VM cannot connect to a specific Destination IP over a specific VMNIC within a blade server chassis

Products

VMware vSphere ESXi

Issue/Introduction

A virtual machine resident in an ESXi host within a blade server chassis can ping any IP address and its default gateway, but can not ping a specific destination IP.

Initial state of the environment when issue is occurring
VM01 located on ESXiHost-1 attempts to ping another IP address and fails.
VM01 then pings another and is successful. It can also ping its default gateway successfully.
The VM is being support by VMNIC1 for all network traffic.
Network redundancy may or may not be part of this situation depending upon the architecture. In this example vmnic0 and vmnic1 are supporting the port group the VM is connected to.

VMNIC1 is shutdown and VMNIC0 is now support the VM's network traffic.
VM01 located on ESXi Host-1 attempts to ping another subnet IP address and is successful.
VM01 then pings other IPs and is successful. It can also ping its default gateway successfully.
The VM is being support by vmic0 for all network traffic.

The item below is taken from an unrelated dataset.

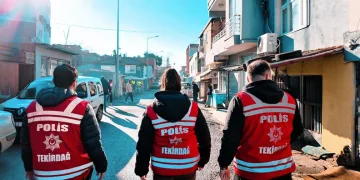 Hatay’da havalandırma boşluğuna düşen köpek kurtarıldı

At this point the issue is now definable as a VM, when supported on vmnic1, attempts to connect to a specific destination IP address it fails. When vmnic0 is supporting the same VM, it can connect to the specific destination IP address.

The vmnics are virtualized physical NICS present to the ESXi server by the blade chassis. The chassis typically has an A and B Fabric Interconnect (FI) topology. Often the vmnics are connected for redundancy, one to FI-A and the second to FI-B.

This is a generic example of a blade server chassis for illustration.

Environment

ESXi hosts supported in blade chassis

Cause

Environment issues with the blade chassis. The issue is often found with the interconnects; however, different component issues with the chassis can affect data path. This is investigation would be outside of the scope of this article and VMware by Broadcom.

Resolution

Troubleshooting will consist of proving that packets are leaving the ESXi host via the involved vmnic uplinks. The uplinks are mapped directly to vmnics.

Open a console in the virtual machine's guest OS. Perform a ping to the VM's default gateway IP.

Commands:
-pktcap-uw (ESXi)
-traceroute / tracert (Guest OS)
-ping (Guest OS)

Testing:

ICMP traffic may not be allowed in some environments for security reasons. It will be necessary to identify what traffic can be generated for testing purposes to capture packets arriving and leaving from the vmnic to the destination IP address. For this example ICMP is being used.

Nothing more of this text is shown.